Forse ci vorrà ancora del tempo, ma è evidente che la strada è segnata e alla fine si ritroveranno politiche senza estremismi che opereranno sui fatti con l’aiuto della ricerca e, speriamo, non venduta. Sarà un bene?
Non credo, perché vorrà dire che sarà rimasta fuori la cultura profonda che ci fa umanità viva di questo pianeta.
È un bene che un certo ecologismo muoia. Quello che rincorre poltrone e occupa spazi, che non fa crescere le differenze e che crea strutture elitarie. Che cosa vuol dire dialogare con imprenditoria, sindacato, istituzioni? Che cosa vuol dire fare un partito? Che cosa vuol dire essere boicottati dall’informazione? Quale deve essere il riferimento dell’ecologia? Da che cosa sono fatte le istituzioni e l’informazione? Sono entità astratte o sono il prodotto dell’uomo?
È l’uomo il riferimento, anzi meglio, la sua cultura profonda.
Tutto il resto sono strutture e sistemi legati al tempo e alle società.
Se un uomo è convinto del legame solidale che lo lega alla natura e agli altri uomini farà naturalmente certe scelte al posto di altre.
Se qualcuno pensa che da solo, perché è bravo, occupando una poltrona potrà avere città pulite, acque trasparenti e cervi che pascolano nei prati… è bene che non sia in nessuna lista.
La società civile, come al solito, è molto più matura di coloro che ci rappresentano. Certamente un ruolo ha avuto ed ha l’associazionismo, perché è parte della società, vive e cresce con gli uomini, c’è un’osmosi reale e costante insieme ad una comunità.
Perché quando c’è un problema reale c’è una grande mobilitazione spontanea, sorgono sigle nuove nate sul momento e si discute, si parla, ci si scontra e spesso si vince?
Questa è l’unica strada per modificare le cose: crescere culturalmente e credere che tutti possono dare il loro contributo, nessuna sigla ha l’imprimatur o la leadership.

Sì, il mondo sta andando a rotoli, i cambiamenti climatici galoppano, ora tocca all’Australia soffrire, questa estate toccherà a noi perché è prevista una stagione più calda di quella dell’anno scorso.
E intanto (dati Istat) tra il 2009 e il 2010 gli investimenti per la protezione dell’ambiente delle imprese industriali sono diminuiti del 7,2%.
Nel complesso, le imprese industriali realizzano prevalentemente investimenti atti a rimuovere l’inquinamento dopo che questo è stato prodotto, anziché integrare i propri impianti con tecnologie più «pulite», che contribuiscono a proteggere l’ambiente dagli effetti negativi del processo produttivo. Come dire, piccole Ilva crescono.

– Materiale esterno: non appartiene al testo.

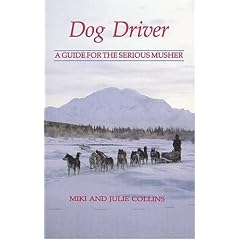 Dog Driver: A Guide for the Serious Musher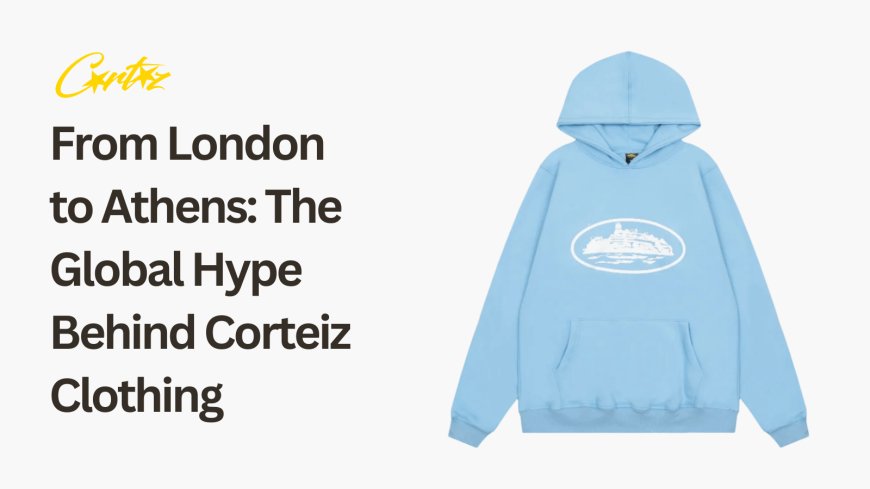 From London to Athens: The Global Hype Behind Corteiz Clothing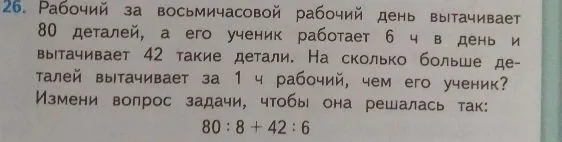 26. Рабочий за восьмичасовой рабочий день вытачивает 80 деталей, а его ученик работает 6 ч в день и вытачивает 42 такие детали. На сколько больше деталей вытачивает за 1 ч рабочий, чем его ученик? Измени вопрос задачи, чтобы она решалась так: 80 : 8 + 42 : 6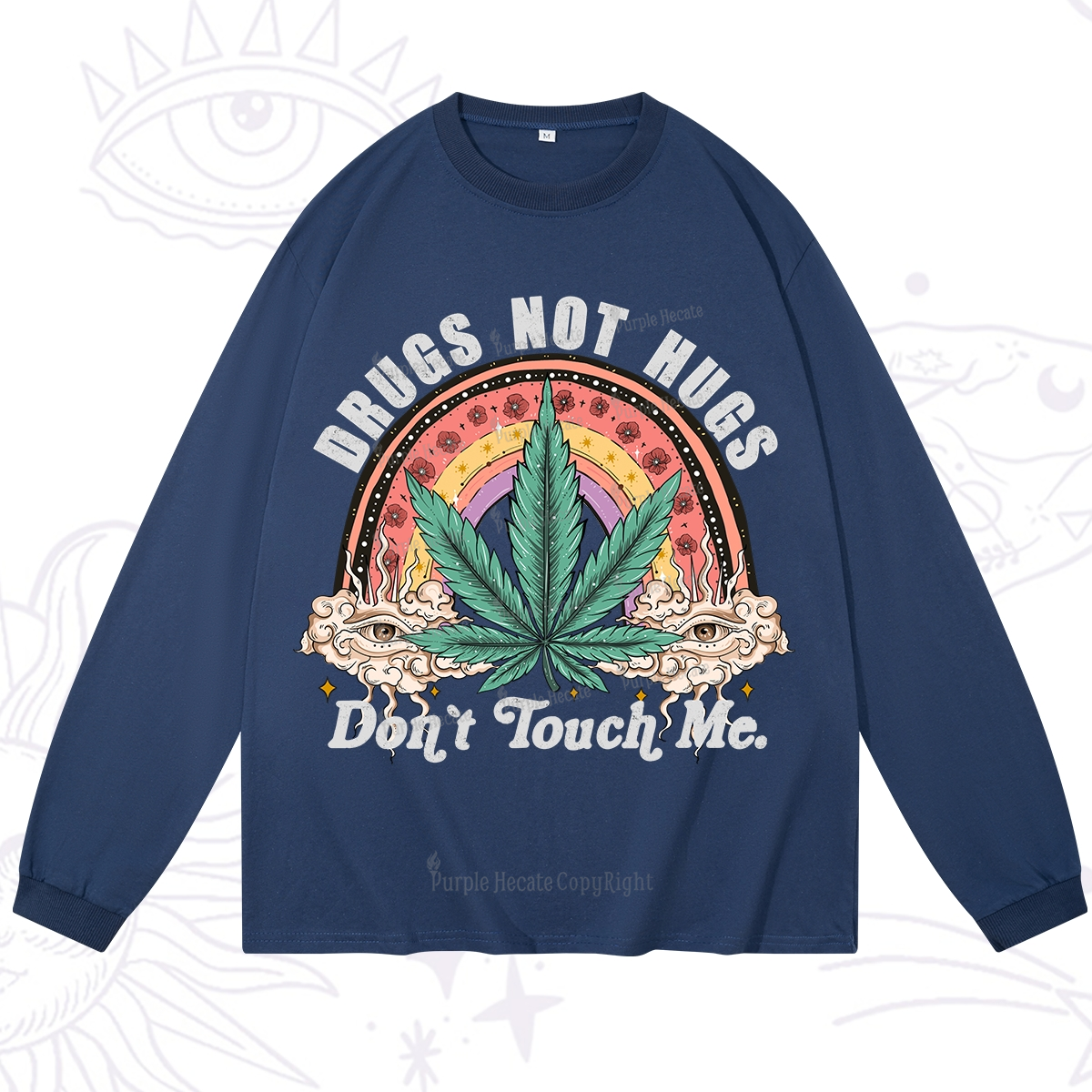 Purplehecate Drugs Not Hugs Long Sleeve T-Shirt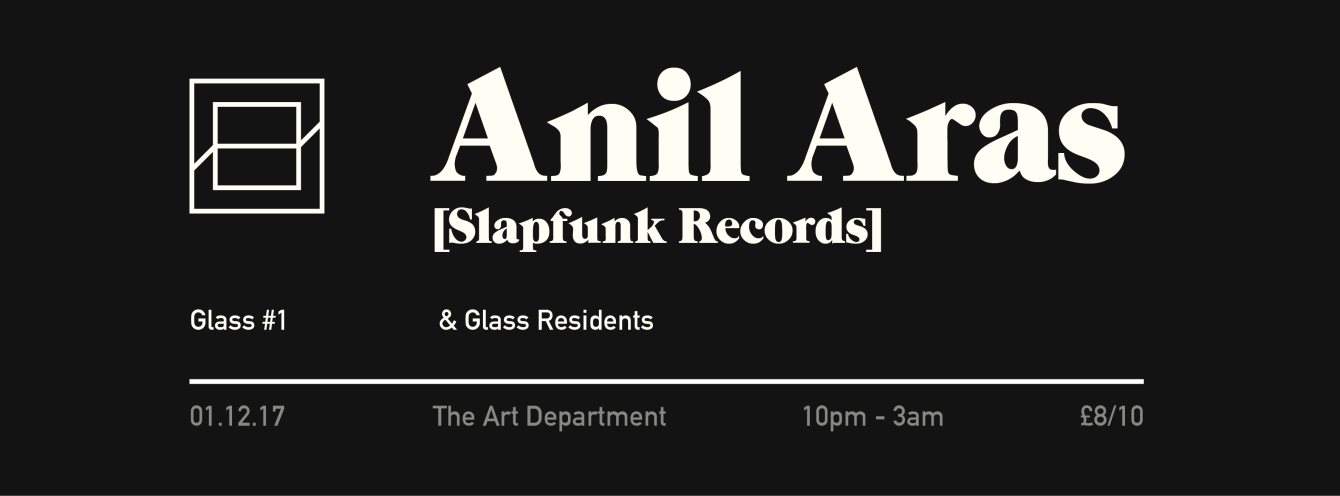 Glass presents Anil Aras (Slapfunk Records) Residents - フライヤー表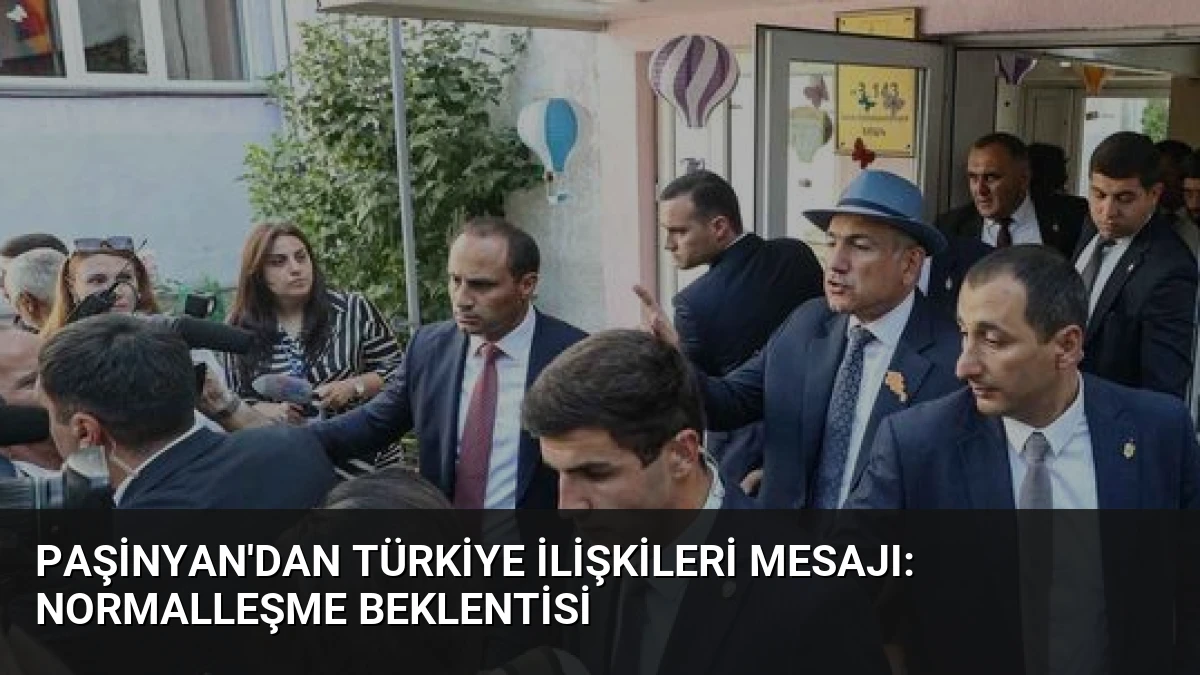 Paşinyan’dan Türkiye İlişkileri Mesajı: Normalleşme Beklentisi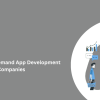 Top B2B On-Demand App Development Companies 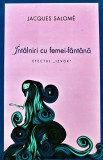 Intalniri cu femei-fantana Jacques Salome carte 2011 233 pagini coperta brosata psihologie dezvoltare personala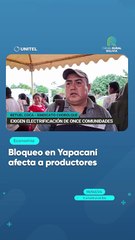 Bloqueo en Yapacaní afecta a productores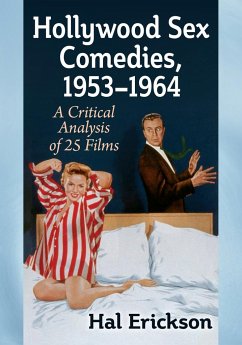 Hollywood Sex Comedies, 1953-1964 - Erickson, Hal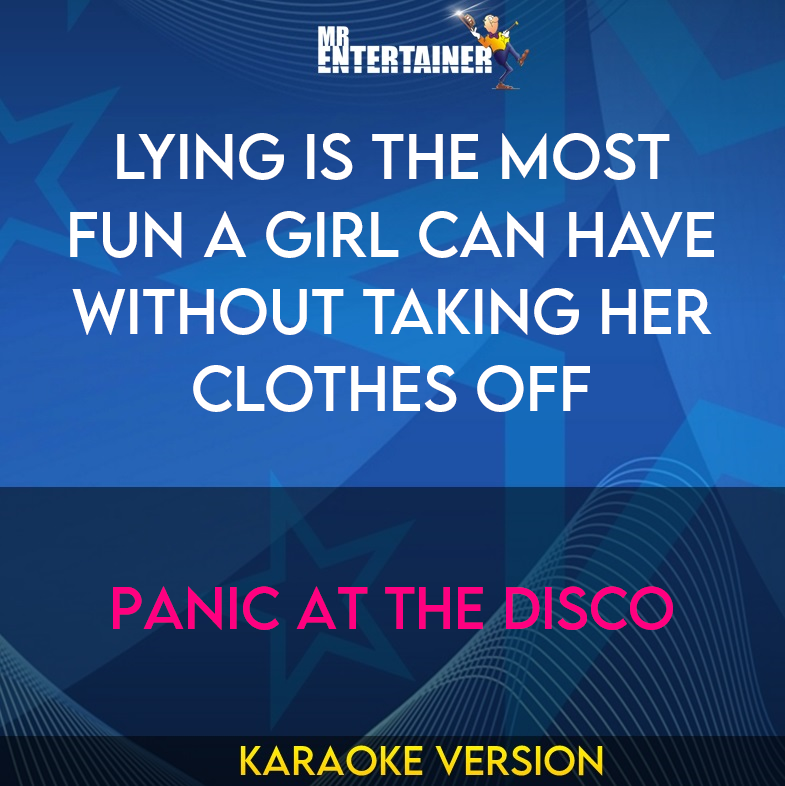 Lying Is The Most Fun A Girl Can Have Without Taking Her Clothes Off - Panic At The Disco (Karaoke Version) from Mr Entertainer Karaoke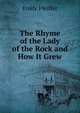 The Rhyme of the Lady of the Rock and How It Grew, Emily Pfeiffer 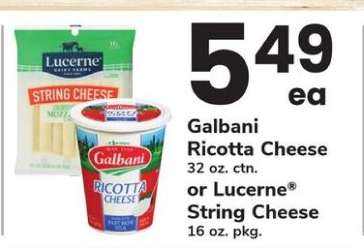 Galbani Ricotta Cheese or Lucerne String Cheese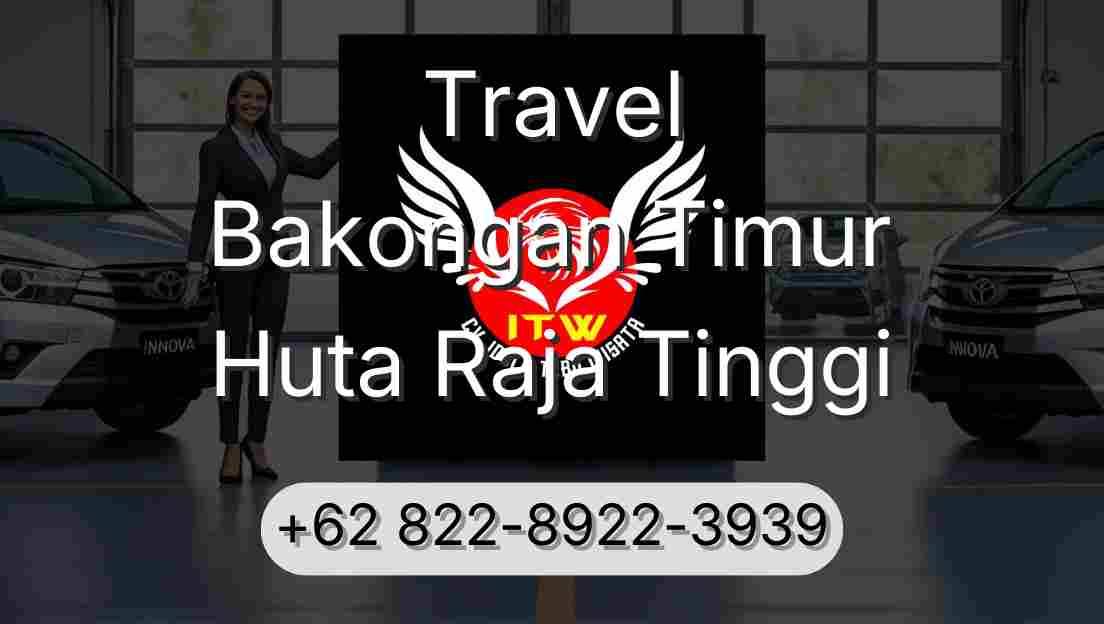 Travel Bakongan Timur Huta Raja Tinggi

E passando alla distruzione dei viventi, mentre il civilissimo popolo giapponese che ha subito la bomba atomica e che ora vuole far risorge le centrali atomiche sicure, paga al mercato di Tokyo un singolo esemplare di tonno rosso a 1,7 milioni di dollari, i ricercatori americani lanciano l’allarme: negli ultimi 20 anni, nel Pacifico, gli stock sono crollati del 96,4% in seguito al sovrasfruttamento delle risorse ittiche messo in atto dall’industria della pesca. «Se si continuerà a depauperare gli stock ittici a questo ritmo – spiega il direttore scientifico dell’Enpa, Ilaria Ferri – nel giro di pochi anni potremo includere il tonno rosso tra le specie scomparse dalla faccia della terra a causa delle attività umane».

Che fare? Affastellare la burocrazia mondiale con altri trattati internazionali o far crescere una nuova cultura che metta fuori lista questi nostri governanti che nelle loro Agende (sì, come quella di Monti) nella ripetitività delle parole finanza, crescita, economia sono al primo posto e le parole ecologia, sviluppo, sostenibilità all’ultimo?